When starting to work on the transformation, we found out that in OpenXml you can use "hidden styles" - styles that don't appear in the user interface. So we decided to simply transform every automatic style into a hidden style. Actually, at first glance that seemed to worked quite good. But we later faced several issues:

1. In Word 2007 user interface, when a "hidden style" is used, the relation to its parent style is lost. For instance, if we define an automatic style called "P1", and that style is based on the "Standard" style, we expect the user interface to display "Standard" as the style used. But Word 2007 only displays "Clear style", what is not very user friendly for us...

2. We noticed that Word couldn't open very big files with a lot of automatic styles inside. This was not related to the size of the file, but to the number of styles defined.
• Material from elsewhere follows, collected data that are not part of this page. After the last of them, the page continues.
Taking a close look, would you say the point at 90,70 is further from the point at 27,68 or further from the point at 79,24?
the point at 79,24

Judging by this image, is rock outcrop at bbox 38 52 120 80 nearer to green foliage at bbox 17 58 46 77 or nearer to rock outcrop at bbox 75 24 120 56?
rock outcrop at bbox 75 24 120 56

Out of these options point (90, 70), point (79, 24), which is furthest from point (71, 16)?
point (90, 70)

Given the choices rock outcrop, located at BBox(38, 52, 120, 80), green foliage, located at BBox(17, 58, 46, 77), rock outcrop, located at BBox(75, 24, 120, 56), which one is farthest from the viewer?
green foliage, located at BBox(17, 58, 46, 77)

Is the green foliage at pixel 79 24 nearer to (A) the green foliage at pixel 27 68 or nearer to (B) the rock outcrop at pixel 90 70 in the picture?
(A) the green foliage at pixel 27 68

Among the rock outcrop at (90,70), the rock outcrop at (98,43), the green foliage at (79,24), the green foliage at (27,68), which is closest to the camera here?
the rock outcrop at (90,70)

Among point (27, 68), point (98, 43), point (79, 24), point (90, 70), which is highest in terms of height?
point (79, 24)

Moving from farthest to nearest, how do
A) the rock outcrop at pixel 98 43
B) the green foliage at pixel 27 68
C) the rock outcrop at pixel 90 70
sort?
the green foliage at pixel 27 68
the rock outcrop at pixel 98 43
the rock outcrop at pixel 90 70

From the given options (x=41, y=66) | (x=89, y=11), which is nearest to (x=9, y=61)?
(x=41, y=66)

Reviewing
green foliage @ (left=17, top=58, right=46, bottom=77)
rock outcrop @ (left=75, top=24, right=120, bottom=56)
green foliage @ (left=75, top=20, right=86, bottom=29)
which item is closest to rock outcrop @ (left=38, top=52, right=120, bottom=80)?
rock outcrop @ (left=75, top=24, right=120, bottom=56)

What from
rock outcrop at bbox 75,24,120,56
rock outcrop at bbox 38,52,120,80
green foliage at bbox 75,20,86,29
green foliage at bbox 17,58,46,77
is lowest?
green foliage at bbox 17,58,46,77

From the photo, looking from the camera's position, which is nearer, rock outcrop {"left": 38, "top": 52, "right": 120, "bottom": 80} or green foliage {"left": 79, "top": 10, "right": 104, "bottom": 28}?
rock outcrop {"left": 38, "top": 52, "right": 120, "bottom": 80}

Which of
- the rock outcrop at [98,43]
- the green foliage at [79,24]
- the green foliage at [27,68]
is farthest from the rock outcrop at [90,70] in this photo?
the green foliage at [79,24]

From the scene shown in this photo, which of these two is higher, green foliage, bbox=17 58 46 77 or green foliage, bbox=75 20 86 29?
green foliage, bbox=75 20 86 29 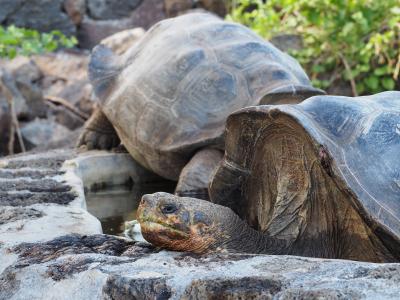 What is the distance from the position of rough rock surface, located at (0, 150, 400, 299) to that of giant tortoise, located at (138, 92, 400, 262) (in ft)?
0.54

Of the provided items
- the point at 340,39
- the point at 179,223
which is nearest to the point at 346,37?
the point at 340,39

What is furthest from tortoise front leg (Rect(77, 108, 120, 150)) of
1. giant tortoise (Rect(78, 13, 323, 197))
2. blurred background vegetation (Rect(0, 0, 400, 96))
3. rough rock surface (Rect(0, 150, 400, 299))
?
rough rock surface (Rect(0, 150, 400, 299))

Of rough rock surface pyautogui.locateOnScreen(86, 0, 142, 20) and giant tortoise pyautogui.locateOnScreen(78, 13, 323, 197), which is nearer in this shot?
giant tortoise pyautogui.locateOnScreen(78, 13, 323, 197)

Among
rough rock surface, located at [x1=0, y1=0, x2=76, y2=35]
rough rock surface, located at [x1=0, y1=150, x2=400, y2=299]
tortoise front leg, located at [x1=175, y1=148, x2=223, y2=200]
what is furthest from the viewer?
rough rock surface, located at [x1=0, y1=0, x2=76, y2=35]

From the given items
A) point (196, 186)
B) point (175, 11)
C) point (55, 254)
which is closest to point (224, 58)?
point (196, 186)

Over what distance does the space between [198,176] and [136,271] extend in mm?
1965

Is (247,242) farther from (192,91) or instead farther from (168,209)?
(192,91)

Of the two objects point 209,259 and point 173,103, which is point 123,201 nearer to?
point 173,103

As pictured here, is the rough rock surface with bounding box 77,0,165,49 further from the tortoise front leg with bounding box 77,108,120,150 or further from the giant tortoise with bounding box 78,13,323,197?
the giant tortoise with bounding box 78,13,323,197

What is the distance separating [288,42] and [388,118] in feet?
17.9

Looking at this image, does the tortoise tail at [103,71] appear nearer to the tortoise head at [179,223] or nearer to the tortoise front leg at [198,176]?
the tortoise front leg at [198,176]

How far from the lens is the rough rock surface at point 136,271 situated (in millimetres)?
1965

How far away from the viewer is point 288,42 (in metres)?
7.93

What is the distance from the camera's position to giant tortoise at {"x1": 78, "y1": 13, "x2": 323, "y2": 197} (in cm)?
429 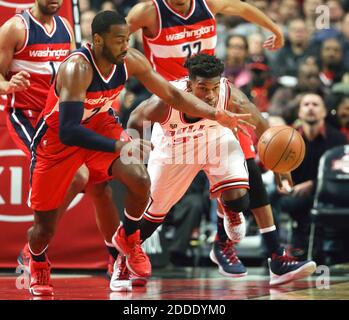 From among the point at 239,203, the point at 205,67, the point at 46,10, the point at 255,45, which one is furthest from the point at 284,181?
the point at 255,45

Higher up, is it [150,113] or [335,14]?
[335,14]

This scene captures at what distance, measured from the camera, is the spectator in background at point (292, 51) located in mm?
11898

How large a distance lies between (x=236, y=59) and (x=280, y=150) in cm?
435

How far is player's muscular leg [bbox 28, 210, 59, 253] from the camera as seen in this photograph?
6461 millimetres

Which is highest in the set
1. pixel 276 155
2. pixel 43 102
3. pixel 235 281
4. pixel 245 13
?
pixel 245 13

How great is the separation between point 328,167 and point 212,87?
2.92 meters

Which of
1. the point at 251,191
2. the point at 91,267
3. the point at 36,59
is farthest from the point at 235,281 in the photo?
the point at 36,59

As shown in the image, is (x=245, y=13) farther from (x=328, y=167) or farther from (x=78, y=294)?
(x=78, y=294)

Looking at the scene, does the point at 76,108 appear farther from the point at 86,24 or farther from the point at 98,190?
the point at 86,24

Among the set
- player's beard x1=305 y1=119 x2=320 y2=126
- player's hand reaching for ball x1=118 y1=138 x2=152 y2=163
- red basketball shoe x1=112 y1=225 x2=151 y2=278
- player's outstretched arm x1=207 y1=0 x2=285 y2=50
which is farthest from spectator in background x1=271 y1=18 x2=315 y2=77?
player's hand reaching for ball x1=118 y1=138 x2=152 y2=163

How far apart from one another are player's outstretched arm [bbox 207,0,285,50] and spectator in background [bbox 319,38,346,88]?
12.2 ft

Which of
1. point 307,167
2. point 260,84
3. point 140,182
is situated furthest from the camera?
point 260,84

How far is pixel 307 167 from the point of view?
9.43m

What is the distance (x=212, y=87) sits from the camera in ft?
21.9
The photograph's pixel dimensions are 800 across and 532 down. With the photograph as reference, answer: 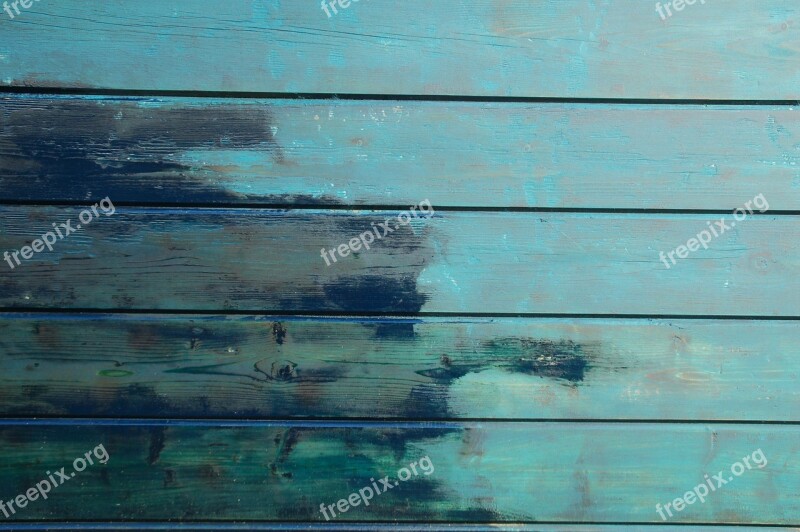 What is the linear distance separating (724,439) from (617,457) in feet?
0.72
This should be OK for normal use (it happened after several tens of thousands of styles!) but in our case it was problematic.

3. We encountered a problem with toggle properties (which are properties that behave differently when they are applied to a style than when they are used as a direct formatting). Let me give a simple illustration with the bold property: when used in a character style, it toggles the previous state of the character (if it was bold, it becomes normal, and reciprocally); but when it is used as a direct formatting property, it enforces the state of the text (if it is switched to on, then the text is bold, whatever its current status was previously). As you may have guessed, OpenDocument does not make this distinction: bold means always bold, wherever it is defined - in a normal style or in an automatic style. So to handle that, we had to override every toggle property defined in a style to add the same defition as a direct formatting property. In XSLT, that had rapidly become a nightmare.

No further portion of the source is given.